My world is small--that is, my social circle. It's tiny, in fact. My few friends go back in time with me to elementary school. A few trusted male friends whom I know have been in my life for years... I know they won't hit on me and it's with them I have down-to-earth conversations with depth and meaning. I don't have to "be" something with them... they know my activities and with shared honesty, they know my life and heart. In my mind, this is perfect scenario, rich with meaning.

Yet... it's been heard from more than one person since my divorce that there are things I need to do to be effectively single and I guess I'm NOT doing them very well or they all wouldn't be saying the same shit. Still finding my way in the single world and redesigning my life... friends and colleagues always seem to have some good advice. So, in the recent weeks, I've had my antennae up, recognizing how many social invitations I decline on a weekly basis... maybe I shouldn't? So I've opened up a bit... engaged others. More emails, more phone calls.

I practically collapsed.. no, not practically... I did collapse into bed after teaching my four hour class today (and a four hour last night)... and alllllllll the unreturned phone messages and emails I need to face tomorrow. Received a booty call, too, tonight (declined). And I find myself amid madness now.... too many callers, too many doors opened... A social world available to me that I'm not fit to jump into. I don't think I'll EVER want it. That was what college was for... parties and dating and girls nights out. It's too much and I realize that I just need to tell everyone to STFU because there's nothing wrong with me and I'M HAPPY JUST THE WAY I AM THANK YOU VERY MUCH. Besides, I haven't a THING to wear.... you know you're old when your work clothes become your "going out" outfits. That's alls I gots ta say about that.

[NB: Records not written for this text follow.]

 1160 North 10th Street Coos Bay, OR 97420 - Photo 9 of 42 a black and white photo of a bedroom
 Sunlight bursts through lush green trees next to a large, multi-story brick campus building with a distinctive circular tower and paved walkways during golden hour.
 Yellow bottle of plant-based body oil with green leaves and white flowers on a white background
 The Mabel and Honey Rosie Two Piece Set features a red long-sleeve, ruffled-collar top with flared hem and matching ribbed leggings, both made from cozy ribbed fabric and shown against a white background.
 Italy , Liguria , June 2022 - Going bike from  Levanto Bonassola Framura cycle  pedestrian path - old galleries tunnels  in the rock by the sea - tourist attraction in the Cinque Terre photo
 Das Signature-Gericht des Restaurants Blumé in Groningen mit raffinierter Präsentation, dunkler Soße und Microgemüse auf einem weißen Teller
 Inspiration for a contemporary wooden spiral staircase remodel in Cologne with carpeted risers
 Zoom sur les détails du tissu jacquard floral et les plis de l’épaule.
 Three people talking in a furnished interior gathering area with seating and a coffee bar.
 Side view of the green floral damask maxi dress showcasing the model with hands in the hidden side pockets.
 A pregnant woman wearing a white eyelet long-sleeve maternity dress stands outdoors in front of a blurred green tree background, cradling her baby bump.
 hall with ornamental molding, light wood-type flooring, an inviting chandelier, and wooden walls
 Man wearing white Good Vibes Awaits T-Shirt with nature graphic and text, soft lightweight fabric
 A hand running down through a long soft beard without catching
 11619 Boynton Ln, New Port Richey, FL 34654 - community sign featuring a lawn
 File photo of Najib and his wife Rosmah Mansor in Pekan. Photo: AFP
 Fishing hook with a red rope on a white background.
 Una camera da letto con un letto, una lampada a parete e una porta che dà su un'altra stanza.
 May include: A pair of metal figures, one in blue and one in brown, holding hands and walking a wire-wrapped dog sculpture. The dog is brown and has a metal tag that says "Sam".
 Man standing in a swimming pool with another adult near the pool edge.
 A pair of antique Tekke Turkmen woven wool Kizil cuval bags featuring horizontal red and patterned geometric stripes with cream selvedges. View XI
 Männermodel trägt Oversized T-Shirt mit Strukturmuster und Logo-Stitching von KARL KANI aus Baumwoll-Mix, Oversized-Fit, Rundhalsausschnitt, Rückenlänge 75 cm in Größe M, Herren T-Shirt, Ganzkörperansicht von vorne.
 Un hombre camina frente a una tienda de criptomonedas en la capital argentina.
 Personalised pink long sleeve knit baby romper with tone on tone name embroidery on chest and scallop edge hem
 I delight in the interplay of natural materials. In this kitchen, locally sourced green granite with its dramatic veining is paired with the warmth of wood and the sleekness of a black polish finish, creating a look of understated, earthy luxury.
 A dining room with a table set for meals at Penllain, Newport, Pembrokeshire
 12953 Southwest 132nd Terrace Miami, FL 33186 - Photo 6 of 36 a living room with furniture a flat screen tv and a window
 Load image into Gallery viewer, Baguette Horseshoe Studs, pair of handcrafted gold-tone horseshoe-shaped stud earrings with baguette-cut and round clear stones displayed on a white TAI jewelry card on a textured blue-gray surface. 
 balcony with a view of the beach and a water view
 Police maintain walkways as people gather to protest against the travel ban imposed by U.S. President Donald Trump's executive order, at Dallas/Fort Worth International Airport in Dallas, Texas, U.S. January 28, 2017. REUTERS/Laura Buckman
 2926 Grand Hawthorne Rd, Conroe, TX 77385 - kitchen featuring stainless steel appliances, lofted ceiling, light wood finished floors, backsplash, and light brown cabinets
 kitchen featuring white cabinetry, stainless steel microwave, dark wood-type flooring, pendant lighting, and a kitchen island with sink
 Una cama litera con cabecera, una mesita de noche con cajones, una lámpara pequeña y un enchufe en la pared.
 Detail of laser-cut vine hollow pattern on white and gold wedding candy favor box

After writing this, I'm going to see what movies start playing tomorrow at the theater and I'm going ALONE on Friday (again)... because I've found a really good best friend to do things with. She is me! Soooooooooooo? It's been a charade of a two week long exploration. I don't want to be "out there". Don't wanna date. A few close friends is, to me, allllllll I need and it very fulfilling.

Single... Divorcee... I'm just fine. Everything's good.


1 comments:

Anonymous said...

"I'M HAPPY JUST THE WAY I AM THANK YOU VERY MUCH" get this printed on some T-shirts or a hat or maybe even a tattoo in plain sight so people will get the message. It's true for the most part that folks mean well but do they have to be such a pain in the ass while they do it? A positive aspect of all their meddling is that they soon grow bored and move onto other pursuits.